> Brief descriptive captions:
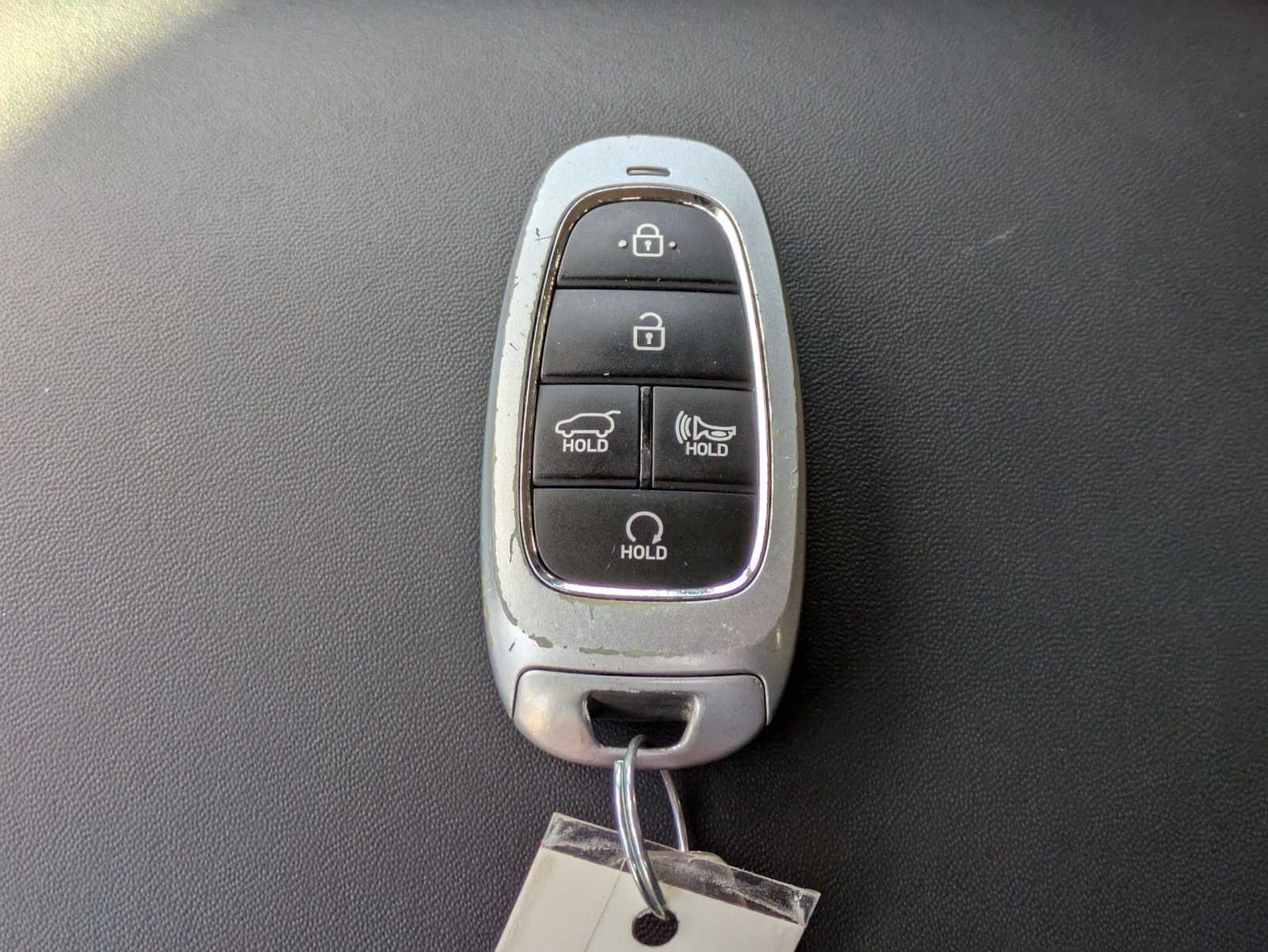 Thumbnail: 2022 Hyundai Santa Fe - 32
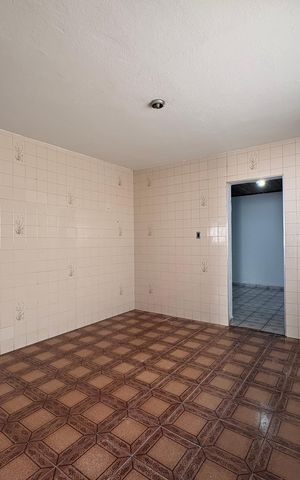 Casa à venda com 86m², 2 quartos e 2 vagas Casa à venda com 86m², 2 quartos e 2 vagasCozinha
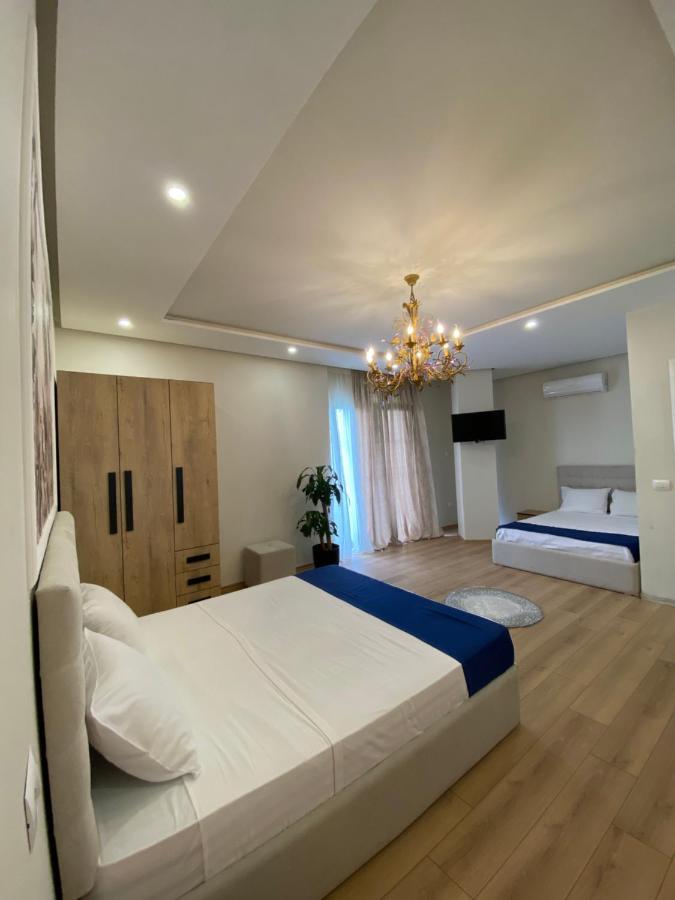 Villa D Hotel-Restaurant-Private Beach Durrës Eksteriør billede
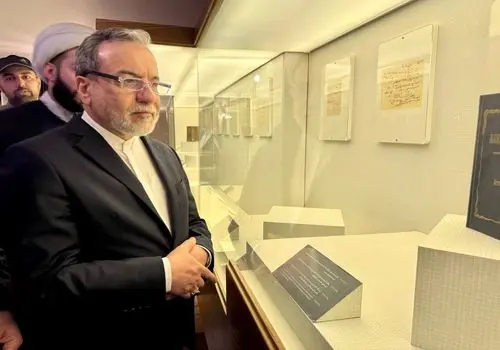 دیدار عراقچی از منزل پدری رهبر انقلاب در مشهد + تصاویر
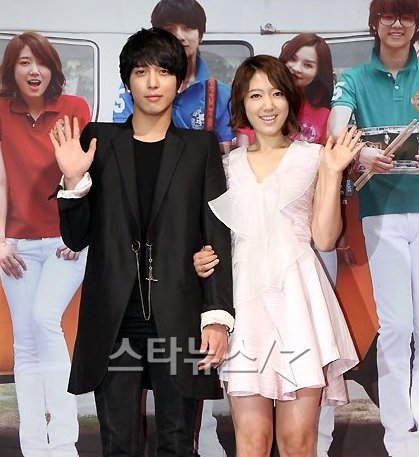 ▲ 정용화(왼쪽), 박신혜 ⓒ임성균 기자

> The task: Exactness is what counts here: copy each entry as given and omit its pictures.

> Your solution:
 Thumbnail: 2022 Hyundai Santa Fe - 32
 Casa à venda com 86m², 2 quartos e 2 vagas Casa à venda com 86m², 2 quartos e 2 vagasCozinha
 Villa D Hotel-Restaurant-Private Beach Durrës Eksteriør billede
 دیدار عراقچی از منزل پدری رهبر انقلاب در مشهد + تصاویر
 ▲ 정용화(왼쪽), 박신혜 ⓒ임성균 기자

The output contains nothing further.